“コロナ鎖国”で稼いだ時間も水の泡。岸田政権が犯した3つの大失敗

 

仮に本当にキャンセルに発展するということになれば、これは大変な問題です。既にUCシステム(カリフォルニア大)、つまりUCLAとかUCバークレーなどを含むカリフォルニア大学の全体が、日本との交換留学制度を停止しようとしているという報道もありましたが、仮にこれが事実であれば、日本の中長期の人材育成にとって大きなダメージになると思います。

とにかく、1月中旬以降の水際対策というのは、実は水際対策ではなく、国内における「コロナ禍で疲弊した心理が排外感情に転じている」という国内の社会心理学的な問題に転じているわけです。つまり、何の根拠もない話です。

百歩譲って、商談や帰省はまだいいとしても、留学生については一旦来日したら数年は日本に根を下ろして勉強する決意をしている人々です。また、7日の隔離が必要ならそれは大学側が責任を持って対処すればできるはずのグループです。

2月末などという呑気なことを言っていないで、「即刻(effective immediately)」規制を解除して、4月の新学期からしっかり留学生を迎えるべきと思います。入国数の上限がどうという議論も含めて、全て見直す勇気を政権は持っていただきたいと考えます。

もう一つは「水際対策」で稼いだ「時間」をどうして使えなかったのかという問題です。2点議論したいと思います。

1つはどうして病床や医療従事者の準備ができなかったのかという問題です。この点については、今度こそ厚労省と医師会が率直に説明すべきと思います。私は彼らを全面的に非難はできないと思います。

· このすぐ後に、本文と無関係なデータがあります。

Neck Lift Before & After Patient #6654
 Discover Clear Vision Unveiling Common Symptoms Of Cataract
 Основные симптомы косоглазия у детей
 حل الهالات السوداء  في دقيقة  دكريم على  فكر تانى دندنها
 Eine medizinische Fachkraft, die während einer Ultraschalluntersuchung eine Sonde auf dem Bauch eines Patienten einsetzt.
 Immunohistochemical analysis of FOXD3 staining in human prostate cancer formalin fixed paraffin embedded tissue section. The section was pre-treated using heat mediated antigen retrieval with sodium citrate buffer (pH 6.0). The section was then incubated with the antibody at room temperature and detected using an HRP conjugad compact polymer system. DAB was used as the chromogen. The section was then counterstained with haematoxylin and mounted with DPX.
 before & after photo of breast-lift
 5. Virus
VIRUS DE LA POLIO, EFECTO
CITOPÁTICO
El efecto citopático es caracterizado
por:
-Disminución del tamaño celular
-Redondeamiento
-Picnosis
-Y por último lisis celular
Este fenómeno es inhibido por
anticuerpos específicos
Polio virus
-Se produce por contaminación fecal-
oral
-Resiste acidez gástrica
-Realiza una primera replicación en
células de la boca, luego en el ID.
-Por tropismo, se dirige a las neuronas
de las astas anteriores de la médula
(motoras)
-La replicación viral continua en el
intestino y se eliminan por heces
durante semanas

「日本の医療従事者の多くは被雇用者であり契約上の兼業は難しい」

「コロナ死は社会的に許容できるがコロナ以外の死亡については医療過誤を指摘されると医師や病院が破滅する」

「免許業務の拡張も、万が一の死亡例等を突いて世論とマスコミが攻撃する可能性を考えると規制緩和はできない。何も自分達の経済的既得権を守りたいからではない」

という事情があるのだと思います。そうした問題を、心を開いてしっかりと世論に説明し、その上で政治が責任を持って現実的な対策をしてゆくようにしなくてはなりません。

問題の所在について知っているはずの共産党までがダンマリというのは、恐らく医療現場の「労働者の権利擁護」を官僚的な杓子定規でやっているからだと思いますが、こちらも反省してしっかり改革に参加してほしいと思います。

2つ目は、ワクチン行政です。ここへ来てかなり厳しい失敗という状況になっています。

「副反応が嫌だから、あるいは副反応が出ても休めないから3回目は躊躇」

「特にモデルナはイメージが気になるし、交差接種も怖いので躊躇」

という反応が出る、しかもオミクロンの感染力への恐怖や後遺症への恐怖を上回るような格好で「躊躇」が出てしまうというのは、完全に失敗です。

勿論、日本の世論の心理の「あや」というのは複雑で、本当に難しいのは分かります。ですが、8月から9月にあれだけ成功したのに、今回は失敗したということについては、厳格な反省と立て直しが必要ではないかと思うのです。

海外から見ていますと、実に多くの商談や留学がストップし、更に結婚できないカップル、家族の死に目に会えないケース、いや家族が死んでも今でも墓参にも法事にも参加できないケースなど、多くの「我慢」が目につきます。

そうした我慢の結果として、岸田政権は「水際対策」で時間を稼ぐことによって、「オミクロンの危険度を見極め」「医療体制を準備し」「必要に応じてワクチン接種の繰上げをする」はずでした。ですが、ほぼこの3つには完全に失敗しているわけです。これでは何のために国際交流や、在外邦人を我慢してきたのかということになります。